# Writer's Tools



## srcroft (Sep 23, 2012)

Most of us use Microsoft Word, but I wanted to list out some of my tools that I find very helpful in novel development. Of course none of this is "necessary" per say, but for certain people I think these can be invaluable. Everything I'm postings is free stuff, so anyone can get it. They won't work for everyone's style, but they might work for you. I am not posting actual links:

*For Continuity and Keeping Track of Complex Worlds and Settings*
zim-wiki .org : Zim is a program that is much like word in but with almost no styling. It allows you to link pages and create sub pages just like Wikipedia. You can also link outside to say Wikipedia. Lets say you have a character who is a Templar. You can link Templar to wikipedia article for it and now you will always remember what gave you information and where. 

You can create glossaries for words, allegory, symbols, everything you need.

Lastly and the coolest is you can attach or link files and embed images. So If you do a page summary of plot points for ActI / Chapter I / Plot, you can link the actual doc for the chapter.

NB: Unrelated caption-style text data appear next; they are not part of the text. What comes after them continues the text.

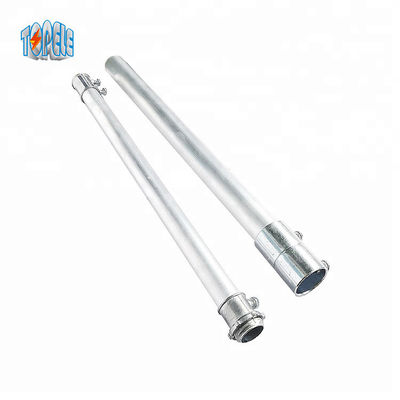 10 Ft Pre Galvanized Conduit Steel Pipe Electrical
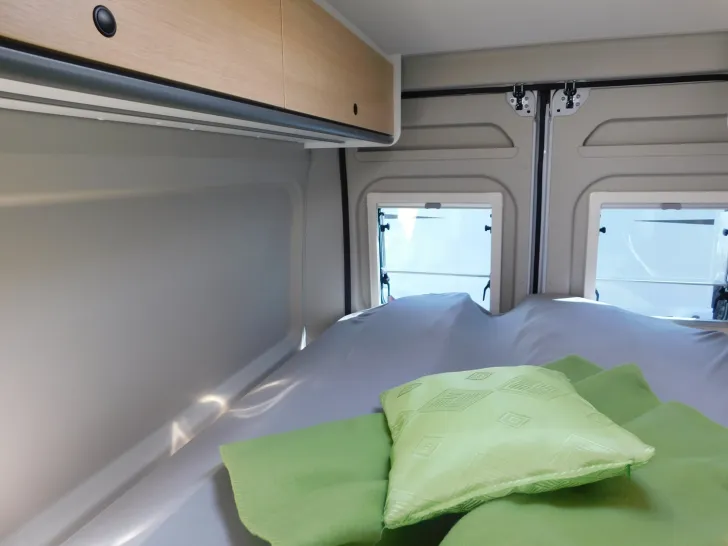 Fahrzeugbild Sunlight Cliff 640 AWT iso+beheizt, Markise, 90L Diesel #12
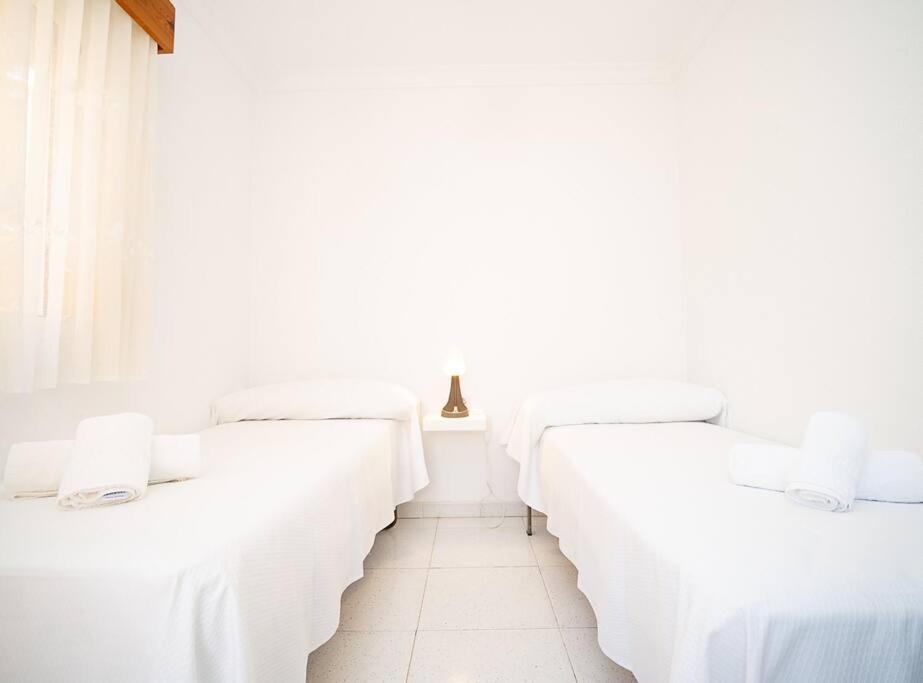 Sibssanlucar Albero - Ideal Familias - Centro - Playa Piletas Sanlúcar de Barrameda Exterior foto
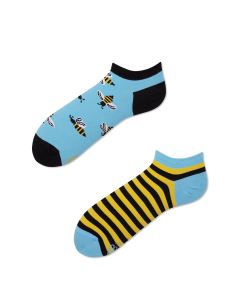 Many Mornings Bee Bee Sneakersocken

*Get Distracted Easy or Want that Typewriter feel?*
gottcode .org/focuswriter : Focuswriter is by far not the best document editor. What it offers (with the download of some pretty cool themes), is a full screen, constant scroll no pagination, perfectly novel size 250 words per page environment, and the ability to make a typewriter sounds as you write.

*Google Drive*
If you aren't using Google Drive, this is a must have for everyone. You can create any type of office doc, access it from anywhere, allow access for editing or comment to others, and best of all save copy versions as you develop. You get 5GB of storage and it can handle almost any file type. I also suggest keeping copies in your Dropbox which is another free online storage system that can sync to you computer.

If you have your own favorites I would like to hear what and why you use them. If it makes someone’s life easier or resonates with their style its worth it.


----------



## Sheilawisz (Sep 23, 2012)

Hello srcroft, this can be very useful and so I validated this thread, but please include at least one link to Zim Wiki, FocusWriter or Google Drive because links are part of the requirements for every Writing Resources thread.


----------



## srcroft (Sep 23, 2012)

Sure no problem: 
Zim Wiki Personal Desktop Wiki Program
Google Drive Google Drive (you'll need a google account.)
Focus Writer


----------



## icebladeaskante (Oct 2, 2012)

This may or may not be what you mean, but I always find the English Dictionary (Oxford or whatever the American standard is) nearby as well as a good thesaurus a very good to have beside you.

And thanks to helpful tips and tricks provided at Holly Lisle: Official Author Homepage a folder with all your world-building notes. While I enjoy a digital copy of things sometimes you really can't beat being able to organise all your notes and characters in one folder and being able to flick around as you need bits and pieces of information to keep yourself consistent.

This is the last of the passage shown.